EE Team Wins Best Demo Award at ACM SenSys 2021
Team led by Professor Fred Jiang and PhD students Stephen Xia, Yanchen Liu, and MS student Chenye Yang, together with UCSD collaborators Rishikanth Chandrasekaran and Tajana Simunic Rosing won the Best Demo Award at ACM Sensys 2021.
Their demo is titled “A Drone-based System for Intelligent and Autonomous Homes”.
The growth of smart devices, home assistants, and low-power sensors have made homes and the built environment more intelligent. However, we are far from truly intelligent environments. To move towards more intelligent and autonomous homes, Columbia Electrical Engineering researchers in the Intelligent and Connected Systems Lab (ICSL) developed DIA, a drone-based system towards more intelligent and autonomous homes. DIA incorporates two key ideas to accomplish this.
One of the key reasons limiting smart home intelligence is that many of the growing number of smart devices and sensors found within our homes function independently from one another.

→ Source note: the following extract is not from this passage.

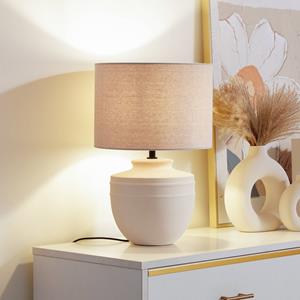 LINDBY tafellamp Thalassia, beige, Ø 30 cm, keramiek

First, DIA automatically discovers smart sensors and actuators within the home network and jointly and dynamically leverages them to provide higher-level services and applications that are otherwise not possible. Additionally, if new sensors are added to the home or if existing sensors fail and drop off the network, DIA dynamically adjusts the execution pipeline of each task based on the available working sensors and actuators.
Second, DIA explores the idea of utilizing drones within the home environment, which will soon be in every home as their size and price continues to drop. Drones have been used in many outdoor contexts, but relatively few works explore applications in indoor settings.
Stephen Xia is currently a Ph.D. Candidate in the Department of Electrical Engineering at Columbia University, working with Dr. Xiaofan (Fred) Jiang in the Intelligent and Connected Systems Laboratory (ICSL). Stephen received his B.S. in Electrical Engineering from Rice University (2016). Stephen’s research lies at the intersection of cyber-physical systems, artificial intelligence, machine learning, and signal processing, with a focus on mobile and wearable systems, Internet of Things, edge computing, and connected health.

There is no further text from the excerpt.